New York bound now, train skids away from scene of last night's excitement. Girls gossip behind me. Quinnipiac. In the reflection of the window one glows an unholy color orange. But she's not as bright as the revolving red light hitting St. A's last night. Two fire trucks struck stone in phase. They came as called. Fahrenheit 451. But no book burning, we're a literary society of thirty-something who stood outside at 1:30 am, mocking, dancing, and trying to get the story from fire-starters. Because it happened Thursday night at the Hall, I won't say more about what happened inside walls than thoughtlessness started a brief blaze and grace under fire put it out. But I can talk about the cinematic street scene we created after the alarm sent us out to bewilder passersby. No one hurt and nothing damaged (except some secrecy), the air was festive. We made carivale. Palmyra played violin, Shansby had a group around guitar. Henry and I lay in the ivy and constructed horror film plots for this particular ominous sky, sirens, old stone and gargoyles to serve as the final scene of before the credits rolled across the cloud covered night.

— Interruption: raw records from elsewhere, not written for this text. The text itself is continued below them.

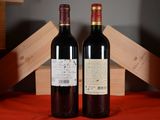 two bottles of wine sitting next to each other on a table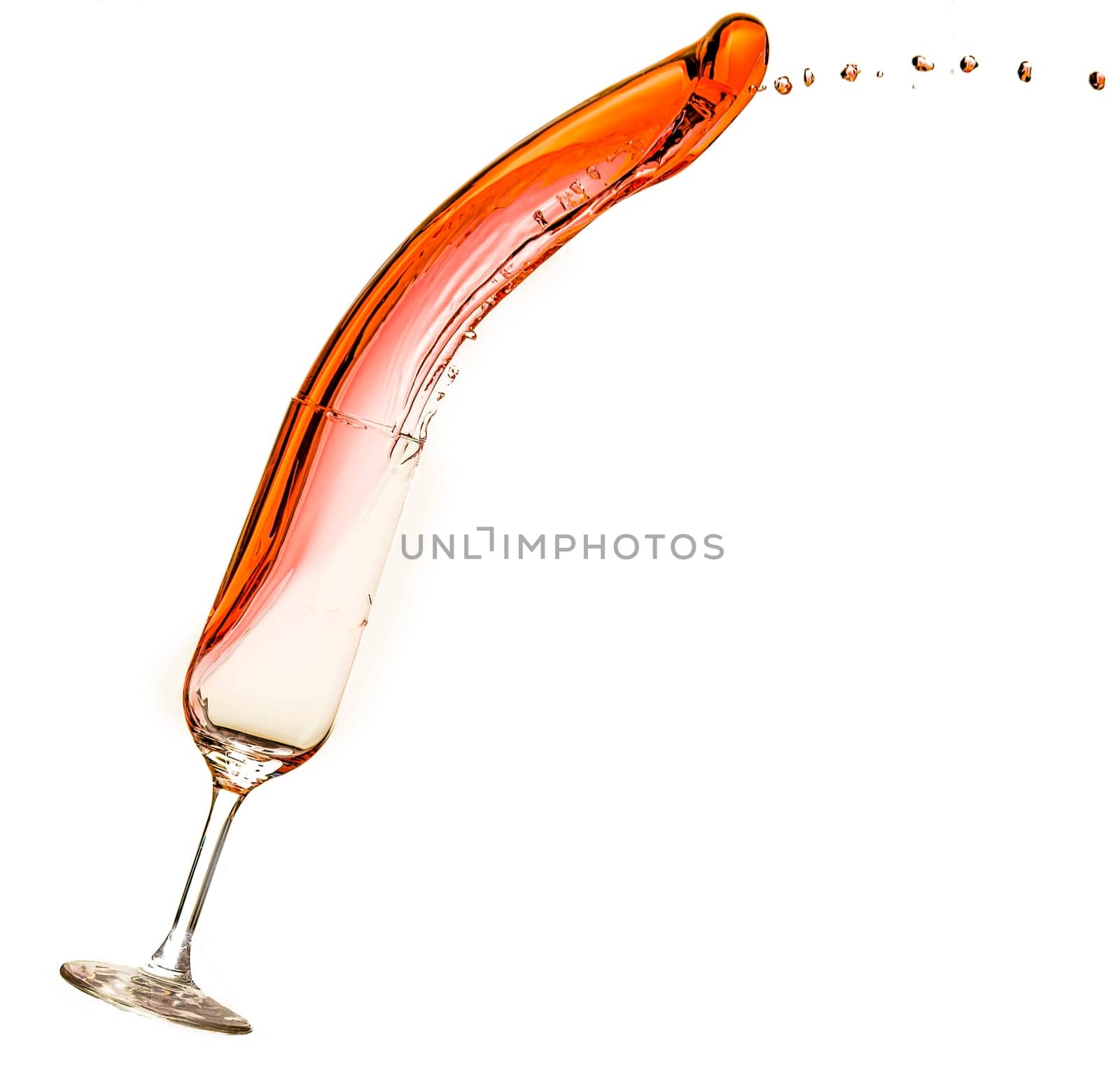 Wine being poured into glass, with slop spilling over.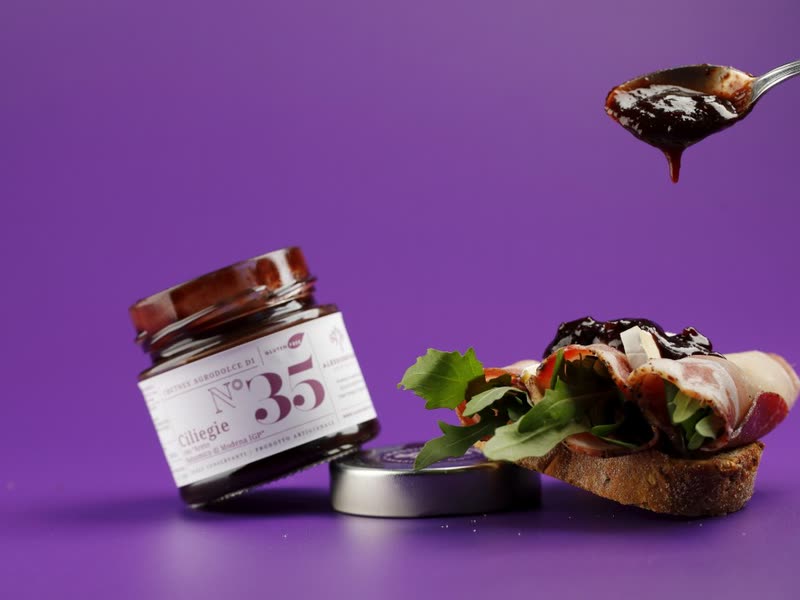 Jar N°35 of cherry chutney with a crostino and a dripping spoon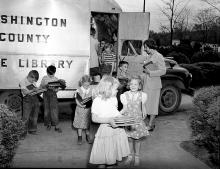 Children carrying books from bookmobile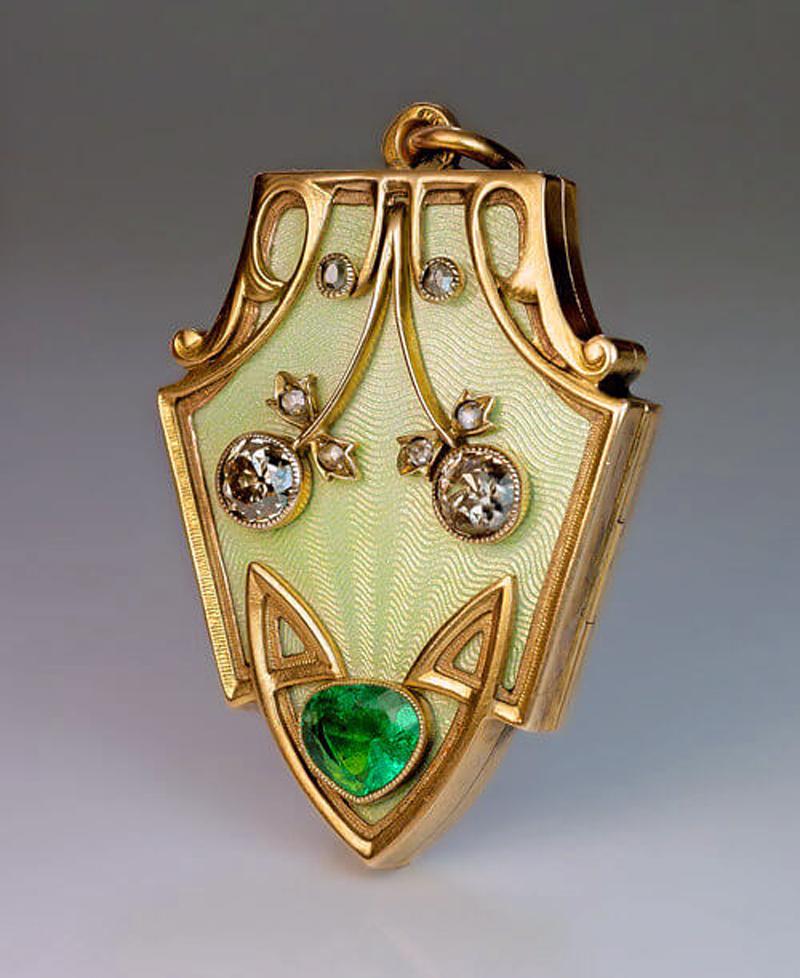 This superb Art Nouveau antique locket pendant was made in St. Petersburg between 1904 and 1908.

The front of the locket is covered with a very fine pale golden green guilloche enamel and applied with a pair of stylized diamond-set cherries within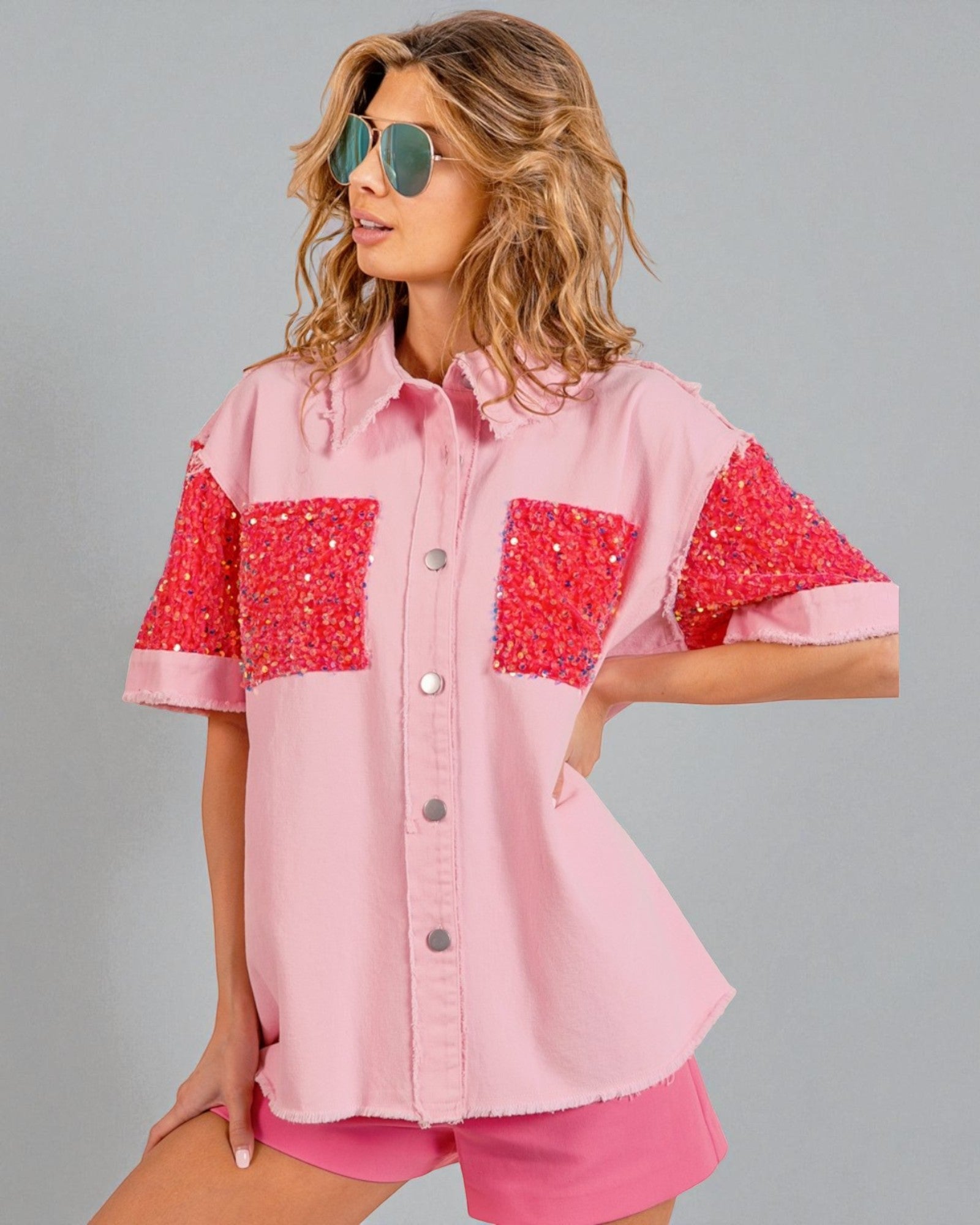 Woman wearing a pink shirt with red sequin sleeves on a gray background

Today turned in a Milton paper. I pulled off five pages painful and swift like a band-aid during daylight yesterday. Then spent the post-incendiary, post-St. A's-night, meaning morning, reworking, rearranging it until I fell asleep typing in the billiards room. Staggered to Stiles at 4 am, tireddrunk, desiring to sleep on the steps of the library rather than walk five more minutes home. Reason paper had be good was not only the usual (pride, grade, medschool), but also James. My illegally good-looking Milton TA. An English grad student with green eyes that speak sense into Milton and weave the man's allusions into something like meaning. James is how my Milton reading gets done every Thursday evening after the Hall, before Friday morning section. He's why Carolynn and I casually compete, calculatingly comment in class. And discuss how he probably writes and imagine how he could parse a line of—sigh and laugh at ourselves afterwards at lunch. These are cute side-effects, but distracted during lecture, fumbling for a word Friday, writing a painstaking paper, I recognize the illness: I have really bad luck. For this terribly wonderful course, I’ve somehow had the great ill fortune to get the only hot teaching assistant in eight and more in what seems to be the whole damn department. There ought to be a law against attractive English TAs. —Mr. Bones: there is.